Data extract —
##########
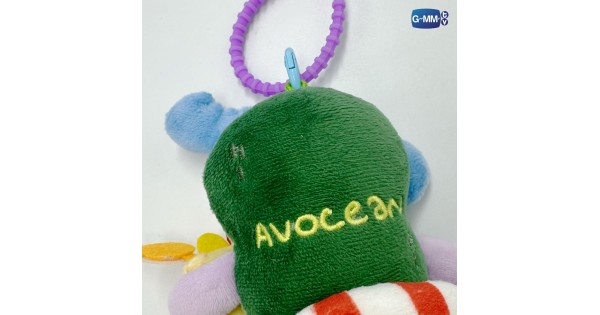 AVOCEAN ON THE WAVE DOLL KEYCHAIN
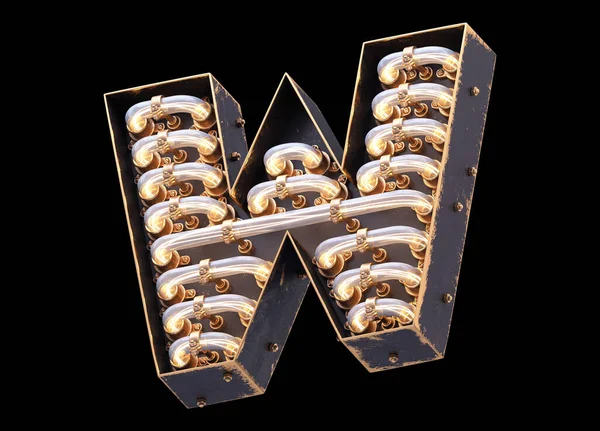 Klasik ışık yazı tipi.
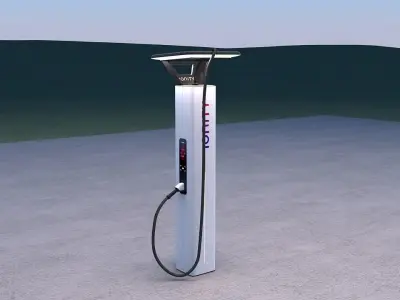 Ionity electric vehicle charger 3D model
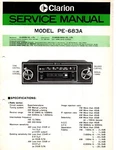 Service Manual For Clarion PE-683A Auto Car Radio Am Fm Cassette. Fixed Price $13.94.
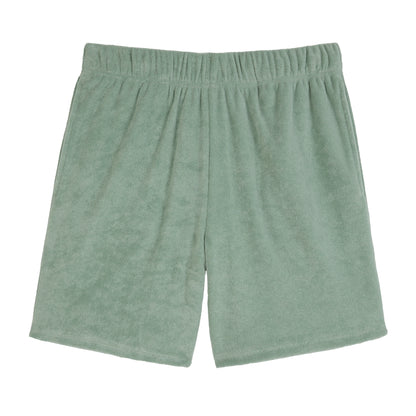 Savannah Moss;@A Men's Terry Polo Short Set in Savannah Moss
##########
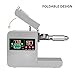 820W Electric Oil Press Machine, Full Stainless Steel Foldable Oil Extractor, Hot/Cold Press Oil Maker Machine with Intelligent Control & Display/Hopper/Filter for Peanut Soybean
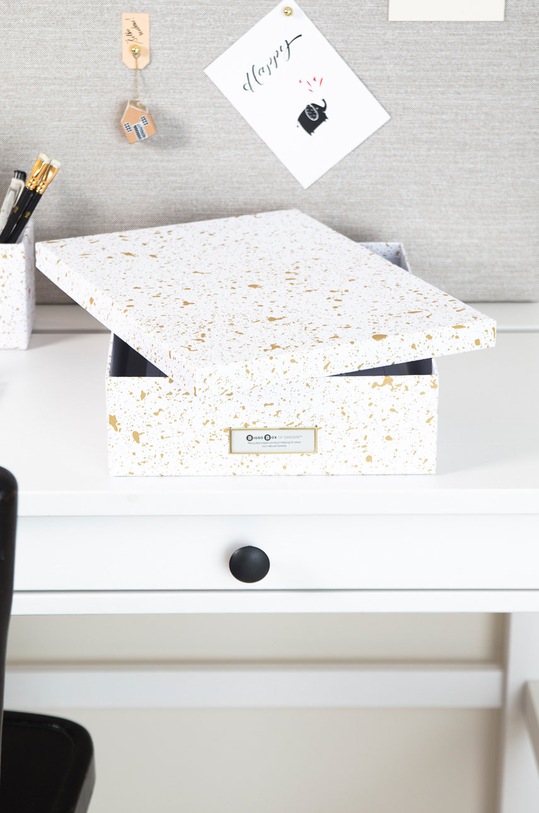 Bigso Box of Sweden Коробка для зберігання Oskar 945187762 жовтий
##########
Task item — Copy nothing but the lines above that run from the one with "Ionity electric vehicle charger 3D model" to the one with "Savannah Moss;@A Men's", ends included; pictures stay out.

Answer to the problem —
 Ionity electric vehicle charger 3D model
 Service Manual For Clarion PE-683A Auto Car Radio Am Fm Cassette. Fixed Price $13.94.
 Savannah Moss;@A Men's Terry Polo Short Set in Savannah Moss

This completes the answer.